The line with "Acetilcisteína 600mg 16 envelopes EMS", the line with "Fiat Ducato Van", and all lines between them in the material below: return these exactly, and no others.

[Dataset excerpts]

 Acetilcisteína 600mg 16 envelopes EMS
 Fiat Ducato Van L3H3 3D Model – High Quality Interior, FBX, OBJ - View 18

[/Dataset excerpts]
[Dataset excerpts]

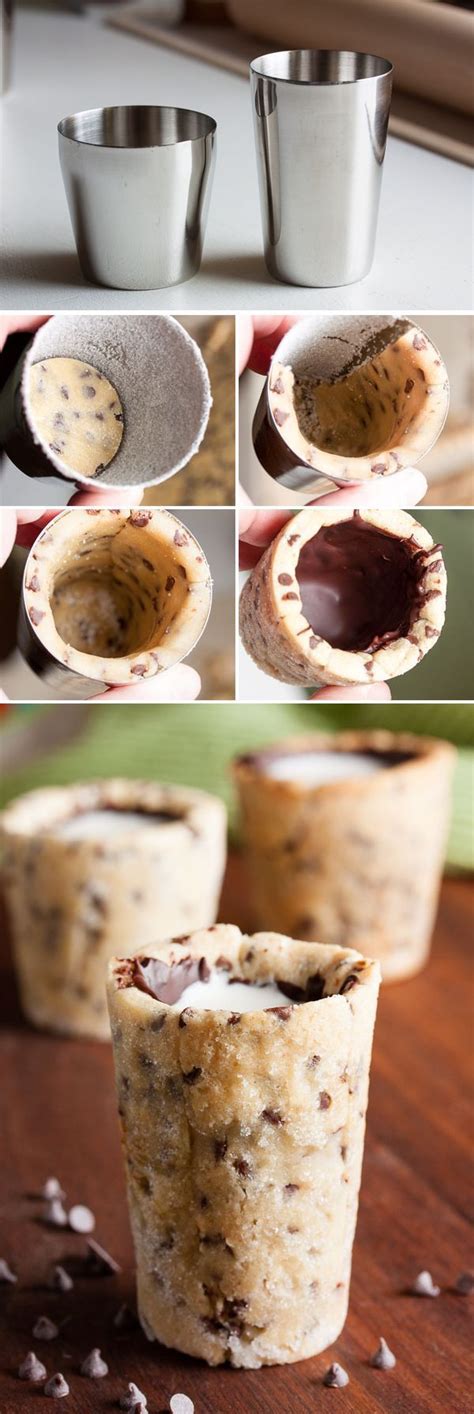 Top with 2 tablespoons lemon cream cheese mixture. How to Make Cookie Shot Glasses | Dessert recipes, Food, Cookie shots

[/Dataset excerpts]
[Dataset excerpts]

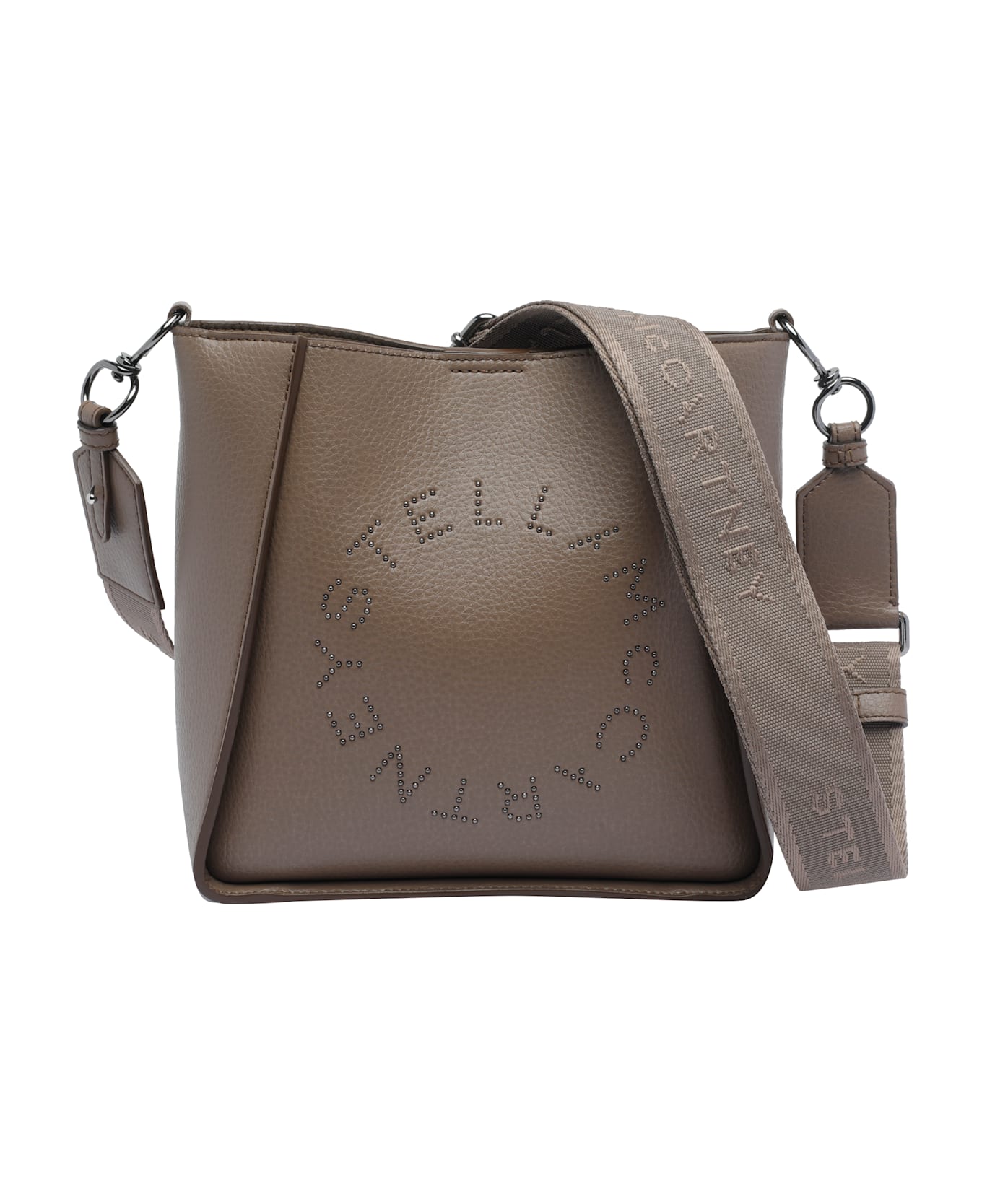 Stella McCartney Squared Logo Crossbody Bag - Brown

[/Dataset excerpts]

--- Task answer ---
 Acetilcisteína 600mg 16 envelopes EMS
 Fiat Ducato Van L3H3 3D Model – High Quality Interior, FBX, OBJ - View 18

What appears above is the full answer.